This article was published on January 10, 2018 and may be out of date. To maintain our historical record, The Cascade does not update or remove outdated articles.

Too late into my university career did I learn about the textbook search feature available through UFV’s website. I had always wondered how so many of my fellow students showed up to the first class with the textbook in hand. I always assumed that surely they must have either emailed the professor ahead of time for the syllabus, or spent hours trapped in the labyrinth of the bookstore painstakingly triple-checking for the small print-out Post-it notes on the shelves that matched their specific class section.

This might be painfully obvious to many of you, but as a cartoon once said, “If I haven’t seen it, it’s new to me,” dammit.

It never occured to me that there could be a simpler way to know, and especially that a simpler, more efficient way could be found on UFV’s website. Granted, the website is leagues ahead of myUFV, which has conditioned me to become instantly frustrated at the mere thought of navigating for information in a timely and intuitive manner on anything branded in our proud green and white. Furthermore, how often these days — with as much information and opportunity that is only available online — does anything really work as intended?

Between the Tim Hortons and McDonalds apps, for example (which are meant to make things quicker and simpler), I can count at least a dozen failures, frustrations, and borderline catastrophes that have awakened in me the same primal angers that must have driven the 19th-century movement of textile workers and weavers in the Luddite movement.

Yet on our university websites, the scrappy but dependable underdog (or possible Malcolm in the Middle-child at this point) of post-secondary education in B.C., have I discovered something truly intuitive, and proof of our civilization’s technological advances as being worthwhile. Filter by campus, subject, class, section, whatever you’d like, as long as you vaguely remember what classes you signed up for. Somehow it’s more advanced than the notepad document that is our usual timetable. Got multiple classes, and in both Chilliwack and Abbotsford? Fret not, the textbook search saves your selections until you are ready to head to the checkout.

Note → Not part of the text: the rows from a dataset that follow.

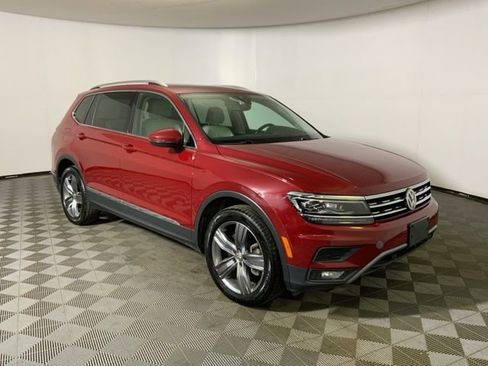 Used 2019 Volkswagen Tiguan SEL Premium w/ 3rd Row Seat Package image 1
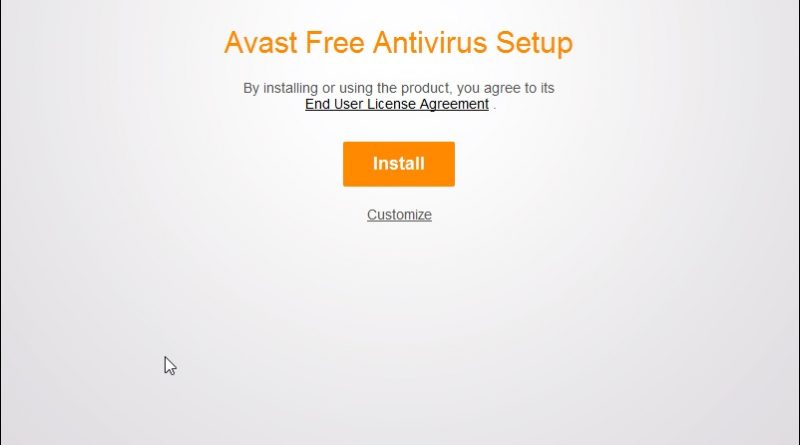 Avast browser for windows 10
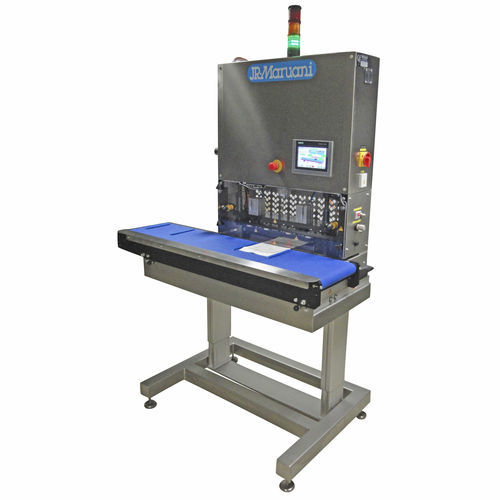 Seladora de produção - TEMPOSEAL-UTC - JR MARUANI Packaging Machine - de laboratório / manual / semiautomática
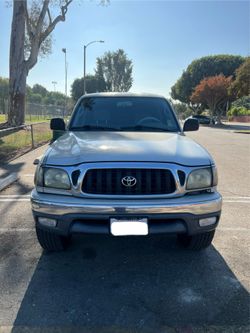 2002 Toyota Tacoma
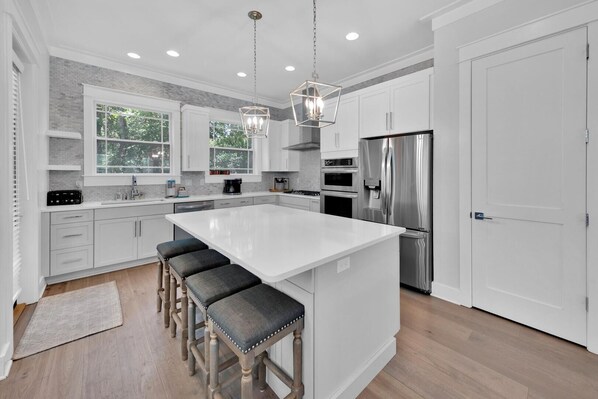 Private kitchen - Joy of Life (Panama City Beach)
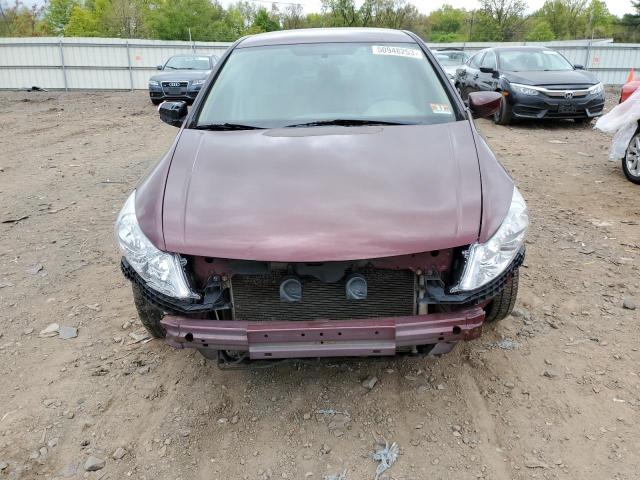 Photo 5 from auction – 2010 HONDA ACCORD LX with VIN 1HGCP2F33AA027017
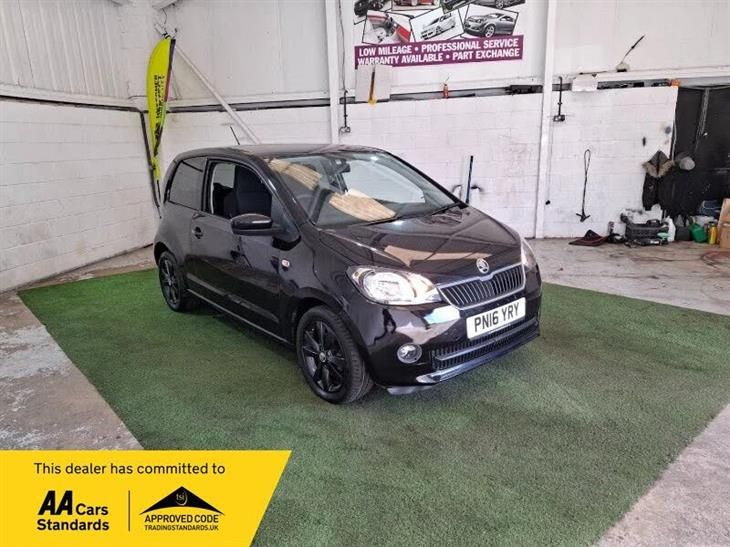Skoda Citigo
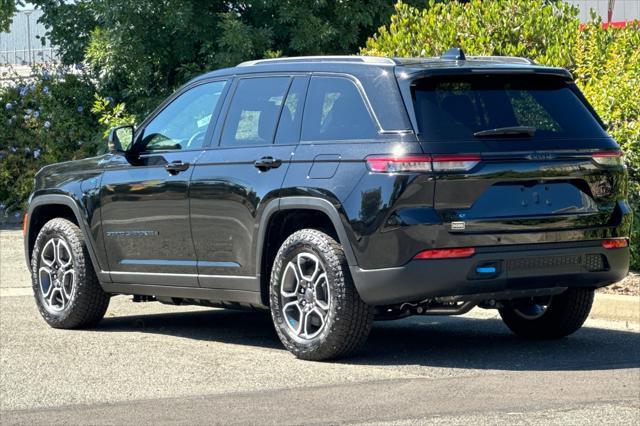 new 2023 Jeep Grand Cherokee 4xe car, priced at $54,115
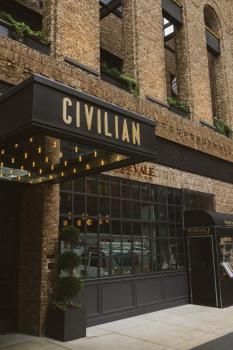 CIVILIAN Hotel, New York (foto 4)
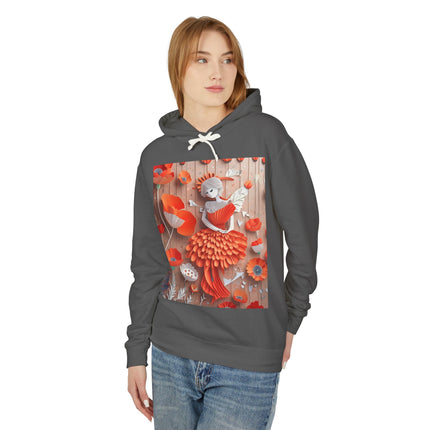 Poppy Fairy Hoodie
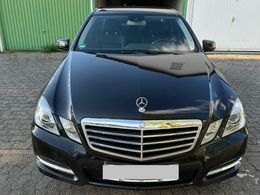 Mercedes E200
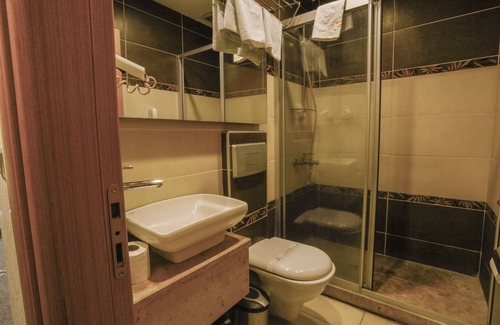 Kayseri City Center Hotel | Nuzhet Hotel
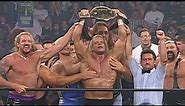 Lex Luger electrifies the masses and wins the WCW Title: Lex Luger A&E Biography: Legends sneak peek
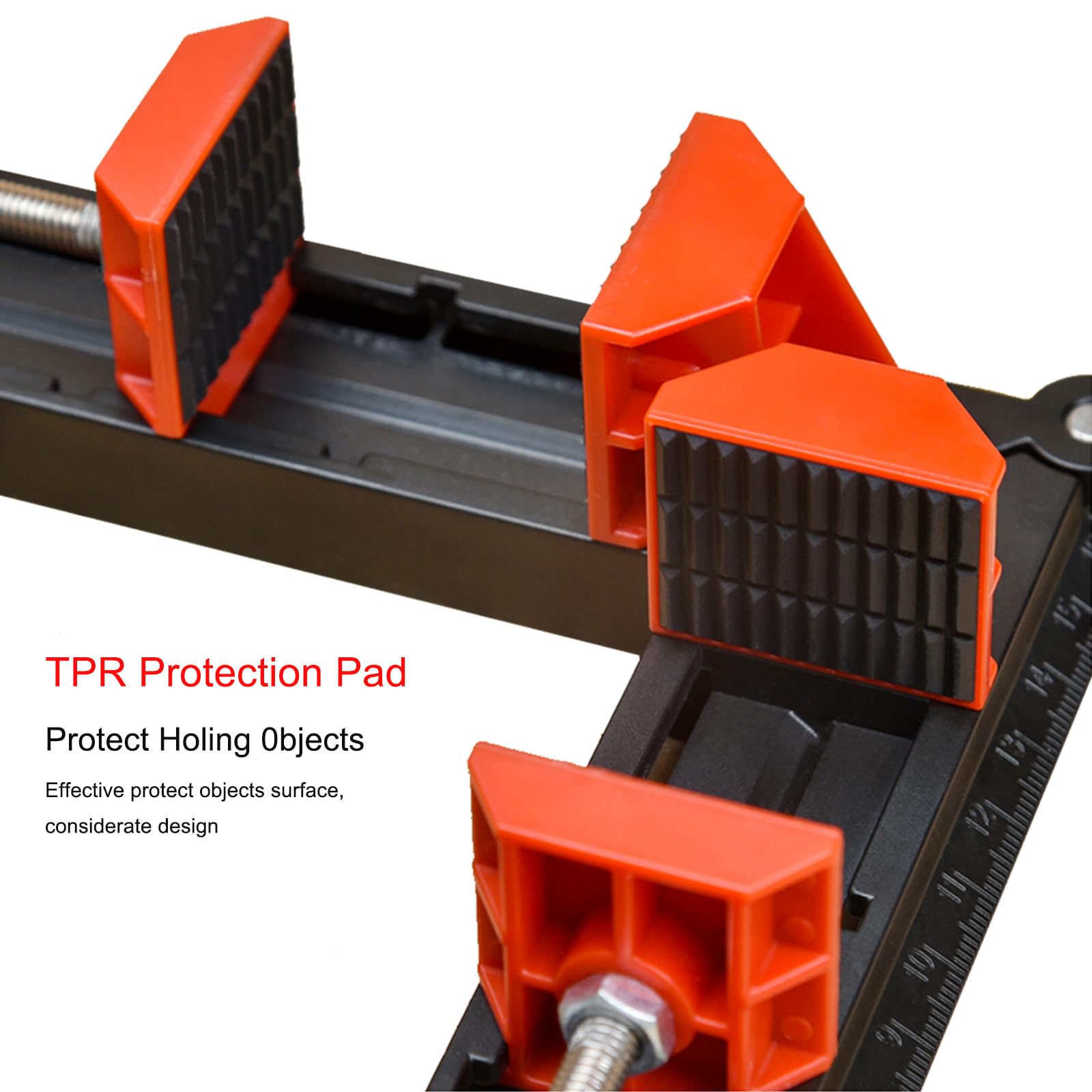 Multi Angle Corner Clamp for Woodworking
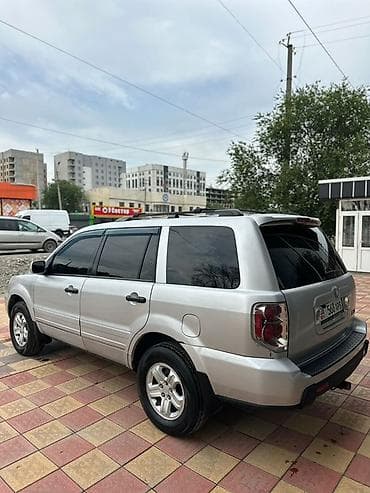 chery arizo: Honda Pilot: 2006 г., 3.5 л, Автомат, Газ, Внедорожник — 4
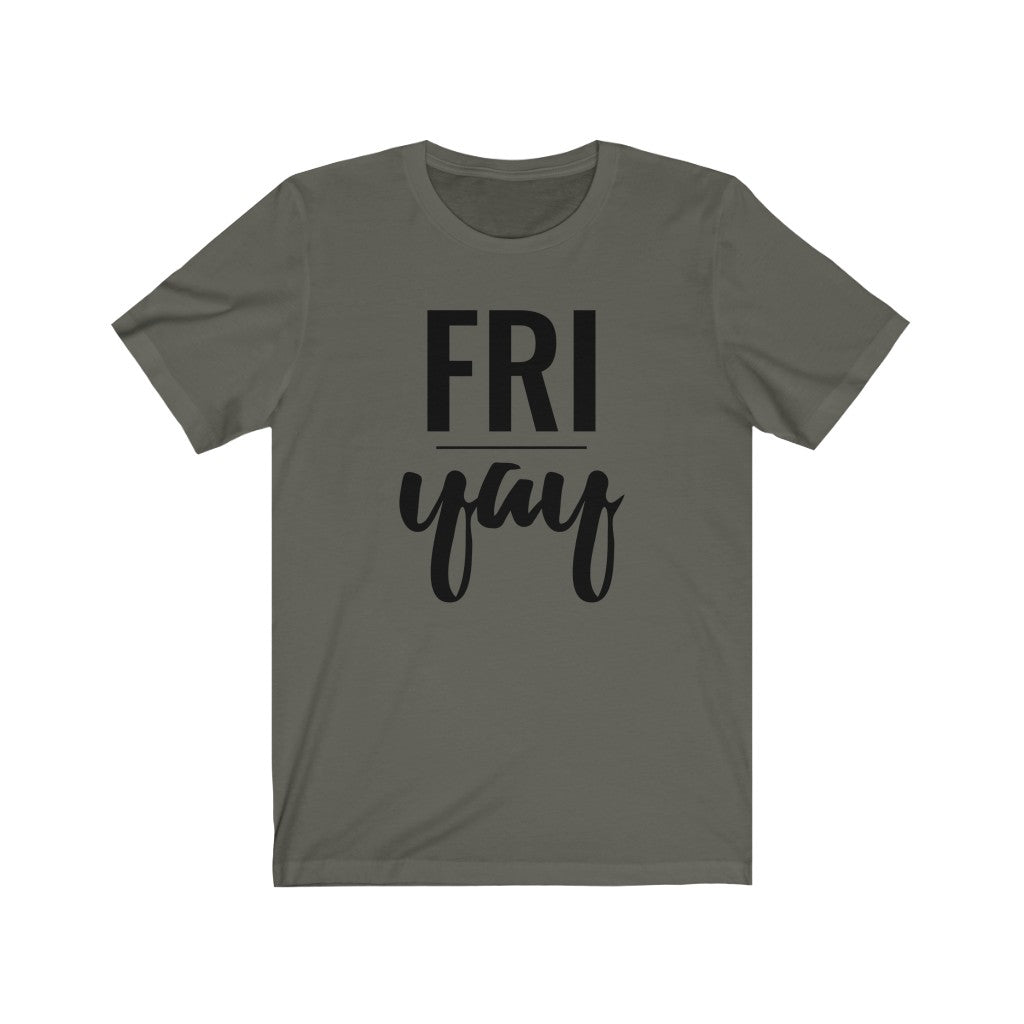 Friyay - T-shirt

So simple, so refreshingly easy and straightforward, it will fill you with that smug contentedness as you finally browse over your entire cart and begin immediately plugging the titles into Books2Go, and various torrent search engines. Granted, Books2Go encounters are more awkward and frustrating than the checkout at the bookstore (are we supposed to chitchat? Should I ask you about the class? Do I describe what I look like, or just where we should meet?), and you don’t get tax receipts; at least you won’t have to auction off your kidney on the black market. And if you’re looking for savings, but lacking motivation, energy, or the patience to talk to a human person, the clipboard pastes just as as well into Amazon searches.

I hope we all make ourselves proud this upcoming semester, and do well in our courses. But a special self-pat on the back (please don’t touch people) should be reserved and celebrated for whoever put together the fancy and fun UFV textbook search.